╔══
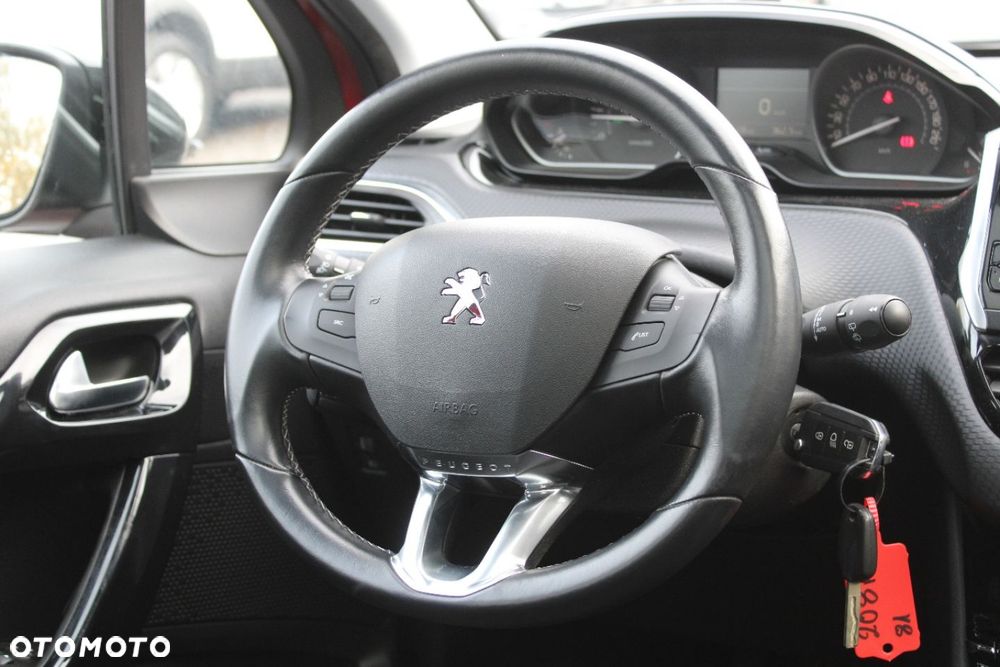 Peugeot 208 - 31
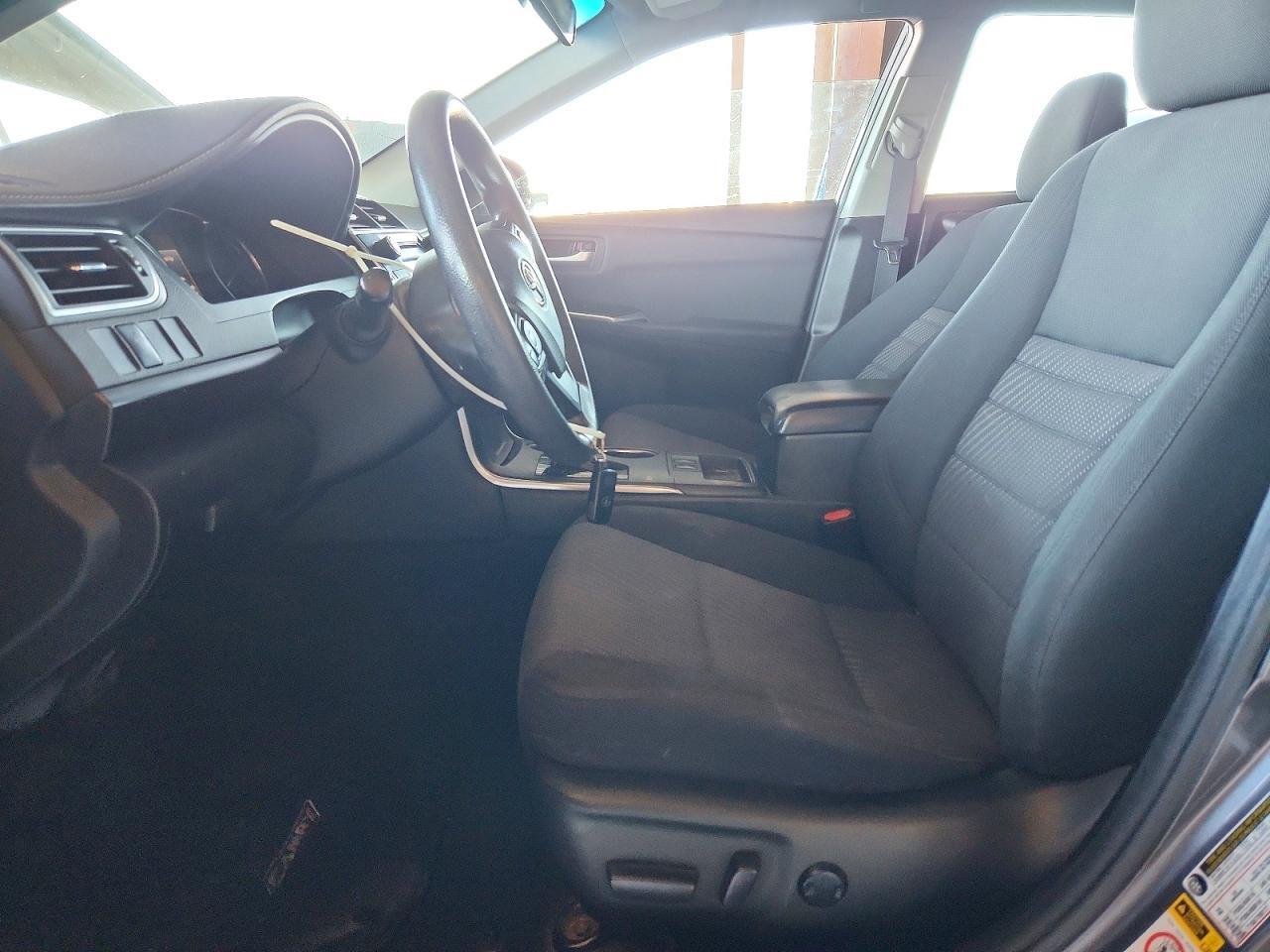 2016 TOYOTA CAMRY HYBRID LE — Фото 7 из 12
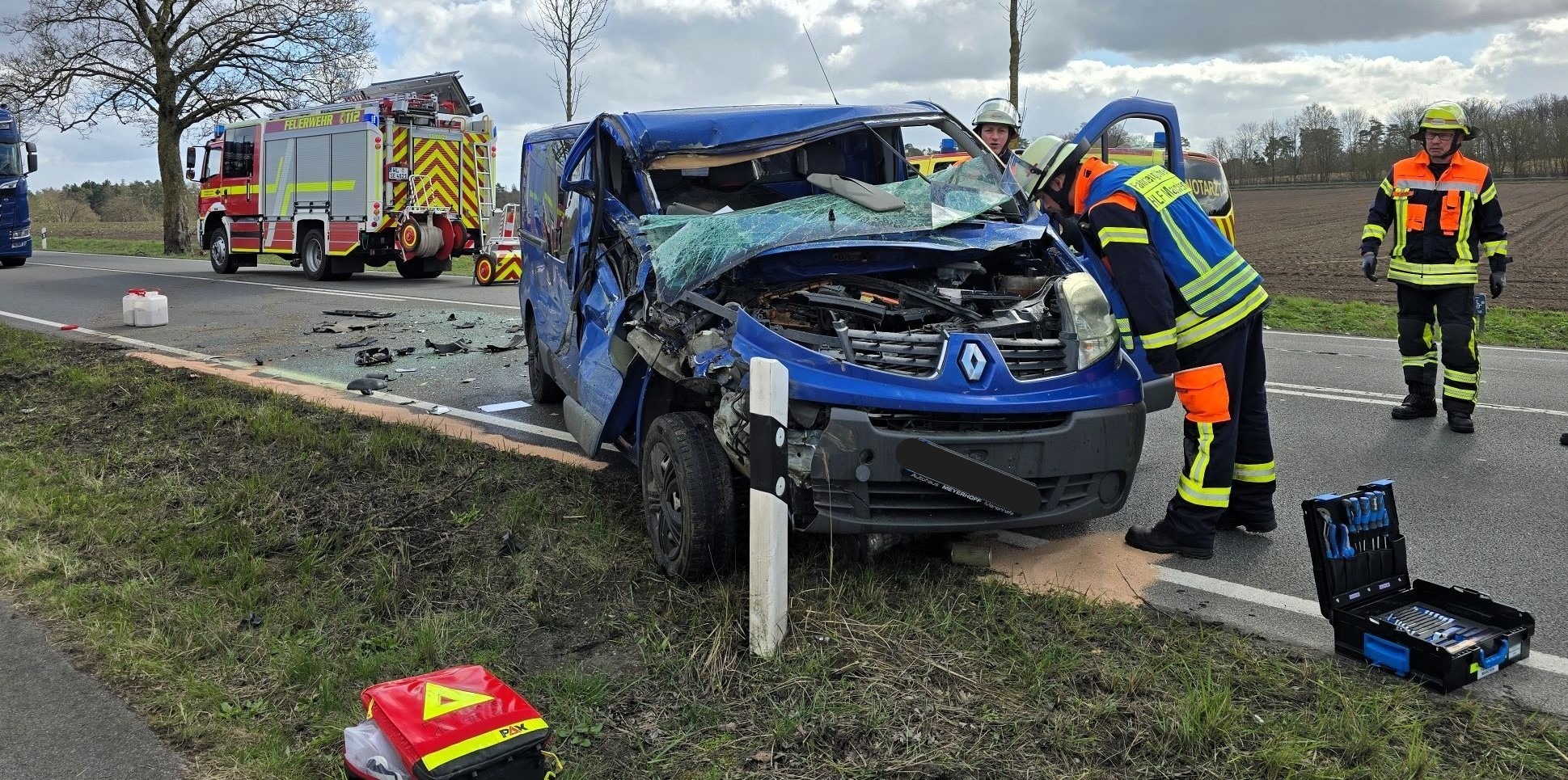 Bei dem Unfall zwischen einem Lieferwagen und einem landwirtschaftlichen Fahrzeug  wurde der Fahrer des Lieferwagens schwer verletzt. Die Feuerwehr Maschen nahm die Erstversorgung den Verletzten. Foto: Feuerwehr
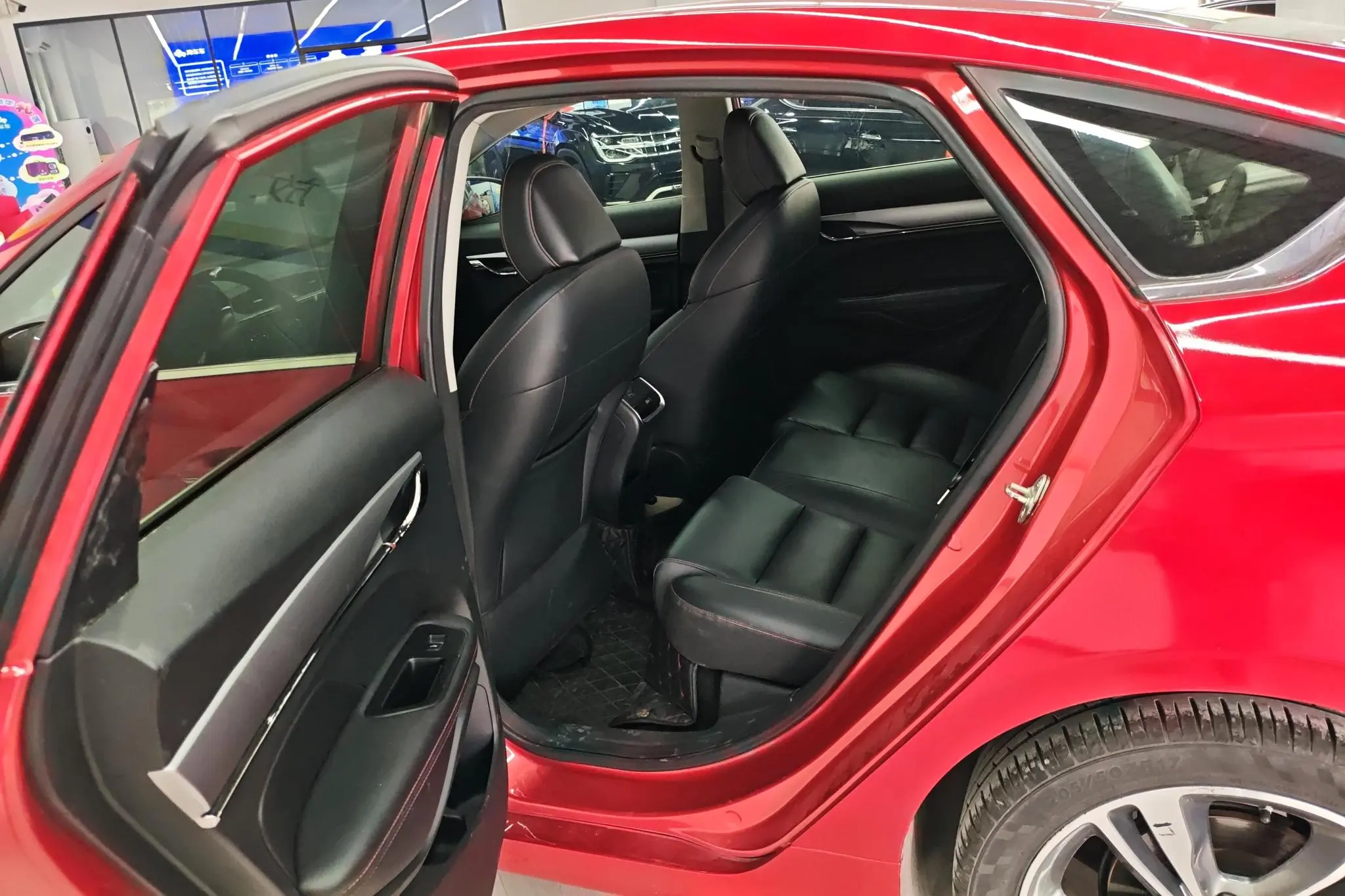 Geely Binrui 200T DCT Binzhi Edition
╚══
### EXERCISE DESCRIPTION
When you retype the material above, keep every word exact and drop the images.

### ANSWER TO THIS PROBLEM
 Peugeot 208 - 31
 2016 TOYOTA CAMRY HYBRID LE — Фото 7 из 12
 Bei dem Unfall zwischen einem Lieferwagen und einem landwirtschaftlichen Fahrzeug  wurde der Fahrer des Lieferwagens schwer verletzt. Die Feuerwehr Maschen nahm die Erstversorgung den Verletzten. Foto: Feuerwehr
 Geely Binrui 200T DCT Binzhi Edition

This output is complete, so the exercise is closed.